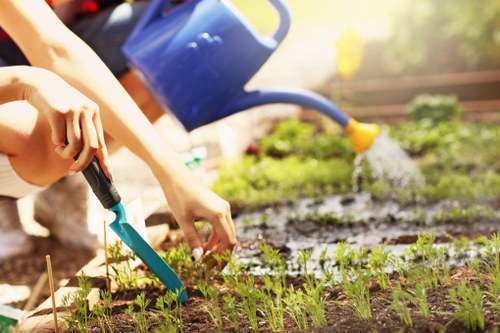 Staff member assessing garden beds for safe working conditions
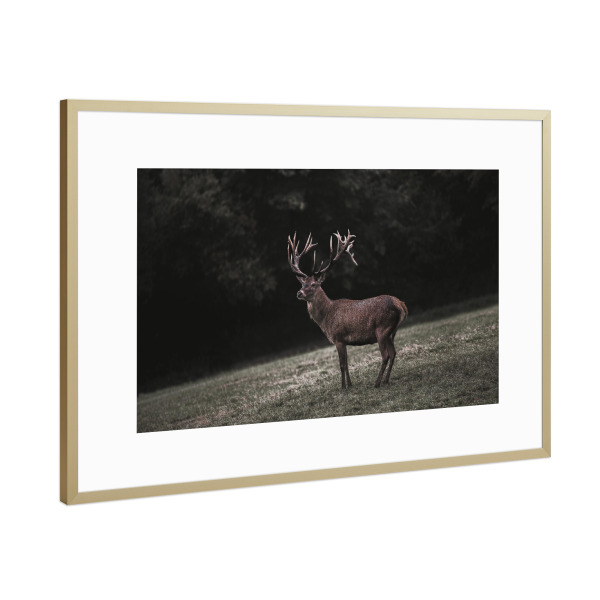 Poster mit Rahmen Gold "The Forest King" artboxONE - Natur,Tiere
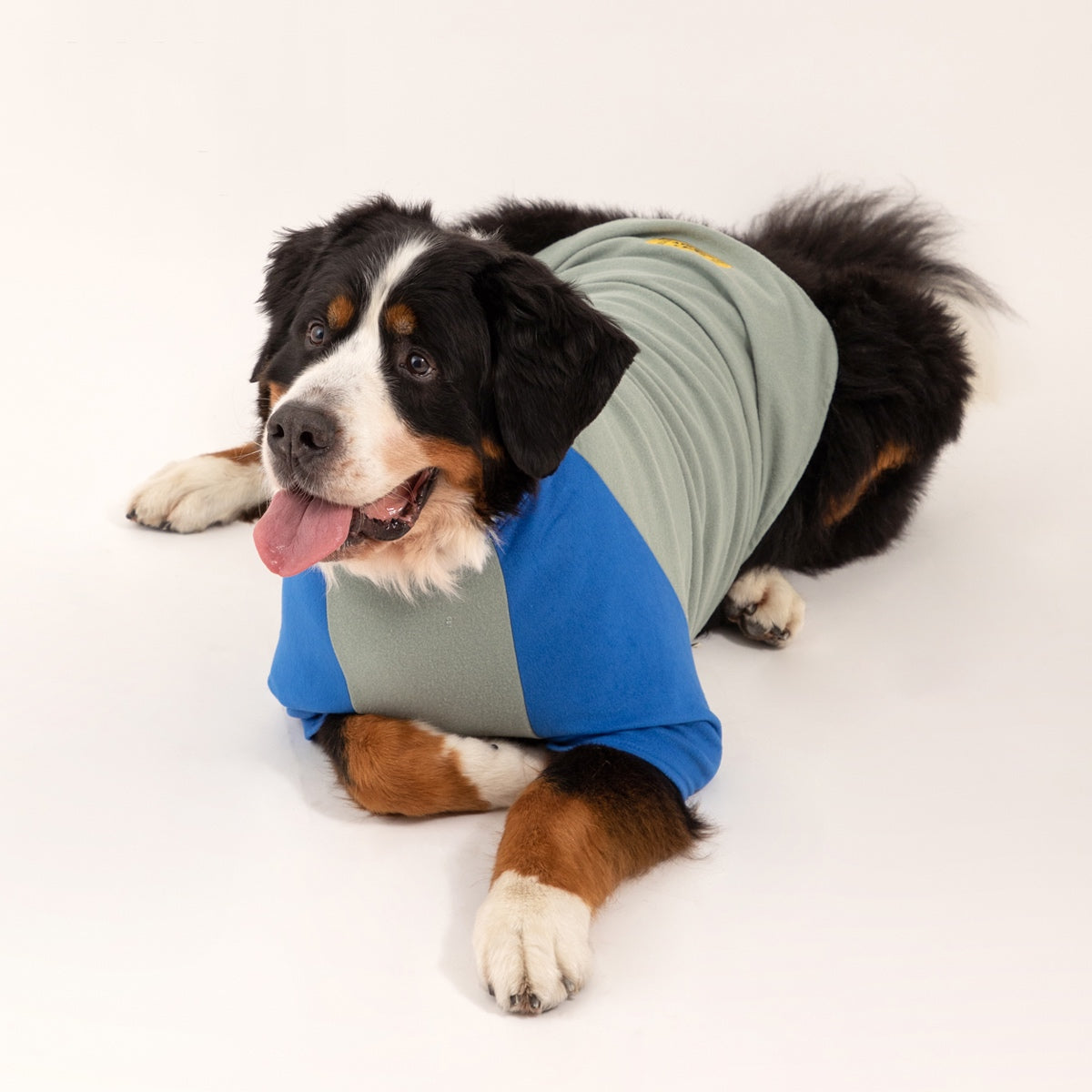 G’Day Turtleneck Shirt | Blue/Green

What is needed.
Without including any picture, output all the material exactly as it appears.

Response to this task.
 Staff member assessing garden beds for safe working conditions
 Poster mit Rahmen Gold "The Forest King" artboxONE - Natur,Tiere
 G’Day Turtleneck Shirt | Blue/Green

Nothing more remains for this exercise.